Il est vrai que les députés de la FI s’efforcent, au passage, de démasquer les contradictions et l’hypocrisie des députés du RN. Mais il ne faut pas surestimer la portée de ces joutes et manœuvres parlementaires, dont le détail n’intéresse pas la masse des travailleurs, en ce moment.
Par exemple, ce que votent et ne votent pas la FI ou le RN, à l’Assemblée nationale, n’est pas la préoccupation centrale des salariés qui sont menacés par l’actuelle vague de fermetures et de licenciements, dont l’ampleur pourrait concerner près de 200 000 emplois, selon diverses estimations. Ce n’est pas un amendement du groupe parlementaire de la FI qui va régler leur problème.
Il ne sera pas davantage réglé par l’appel platonique de Sophie Binet (CGT) à un « moratoire sur les licenciements », à des « assises de l’industrie » et au « conditionnement des aides publiques aux entreprises ».
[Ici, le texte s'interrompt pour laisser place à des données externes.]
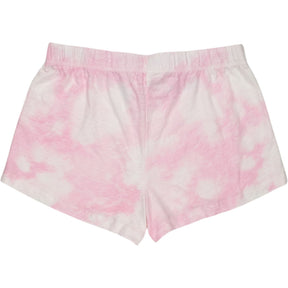 PJ Salvage Pink Tie-Dye Pyjama Set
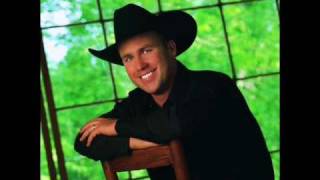 Rodney Carrington Thing we didnt know [upl. by Leizahaj]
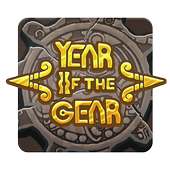 Year of the Gear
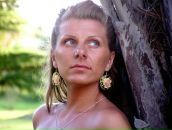 Фотография Робакидзе Дарьи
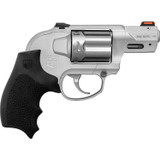 Diamondback SDR-A, .38 Special +P, 2.00" Barrel, 6 Rds, Glass Bead Finish - 810035756656 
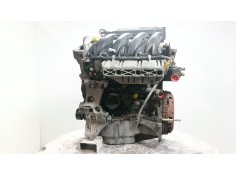 Recambio de motor completo para renault megane ii (bm0/1_, cm0/1_) 1.4 16v (bm0b, cm0b) referencia OEM IAM K4J D740 K4J D7 K4J 7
Contre le saccage de l’économie et de l’emploi par une bourgeoisie assoiffée de profits et gavée de subventions publiques, il faut lutter pour l’occupation et l’expropriation, sous le contrôle des travailleurs, des entreprises qui ferment ou licencient. Cette revendication devrait occuper une place centrale dans la préparation systématique d’un vaste mouvement social, sous la forme de grèves reconductibles, contre l’ensemble de la politique réactionnaire du gouvernement et de la bourgeoisie. Alors, les « trumpistes » français – le RN et ses alliés – ne seraient pas seulement démasqués ; ils seraient aussi marginalisés par le développement de la lutte des classes, qu’ils craignent comme les vampires redoutent la lumière.
Sommaire
Une leçon américaine - Editio du n°85
Succès de nos écoles communistes
Participe au congrès fondateur du Parti Communiste Révolutionnaire !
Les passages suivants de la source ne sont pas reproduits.